Blog: Idiomatic tree and graph like structures in Rust


#1

Hey there, I wrote a small blog post about “Idiomatic tree and graph like structures in Rust”. Credits also go to Simon Sapins experiments with “Rust Forest”

What do you think?


#2

Thanks for posting!

Interestingly, just yesterday I realized (after hours of lifetime-induced headache, and finally deciding to use Rc<RefCell>) that I could simplify some code drastically by using indices into a Vec instead of references. So it was funny to see your post just now. It certainly is a very helpful concept, which would have saved me a lot of headache two days ago :smile:. (I also thought about whether the increased flexibility of indices over references meant that they provided less guarantees, but the only thing I came up with was that you should be safe if you don’t delete elements from the vector.)


#3

Thank you for your reply! :slight_smile: Yeah but some index reuse should also be possible somehow.


#4

Replacing pointers by indirect references is a common trick in functional languages (this is the way, for example, we know that any mutable algorithm can be emulated in only logarithm slowdown by representing homogeneous mutable memory as a map (balanced search tree) from integers to values).
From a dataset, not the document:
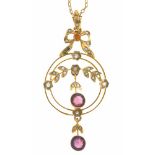 AN ART NOUVEAU AMETHYST AND SPLIT PEARL PENDANT IN GOLD MARKED 9CT, ON GILT BRASS CHAIN, PENDANT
It has some other advantages than simplifying ownership: for example, it is easier to detect if a directed graph represented this way contain cycles than with a direct graph-of-pointers representation – unless you know how to efficiently store sets of adresses, which assumes that they are stable (no compaction), or you explicitly bake some extra “node identifier” in and maintain invariants over it.

However, there are also costs associated with it. In particular, the fact that there is no memory management means that you have to implement your own. This is just fine if the objects really have the lifetime that you approximated (they are all released at the same time), but there are various situations of usage of graphs where you may want to delete parts of the graph as they get disconnected / become unreachable by mutation, or compact the space storage of the graph (imagine that you keep adding and removing vertices randomly). In this case you have to implement your own reference-counting or otherwise GC-ing scheme, possibly with compaction, and his adds a lot of complexity.


#5

Do you see any drawback in using Rust for your last mentioned approach?


#6

No, the inconvenience of having to (sometimes) reimplement liveness and compaction by hand would apply in any language. What is Rust-specific in your story is your motivation: you are using the indirect representation as a way to avoid ownership patterns that the language does not let you express statically.

Independently: If you have a tree structure, have you tried using rc::Weak for the backreferences? You could have strong references to the first child and next sibling, and weak references to the parent, last child and previous sibling.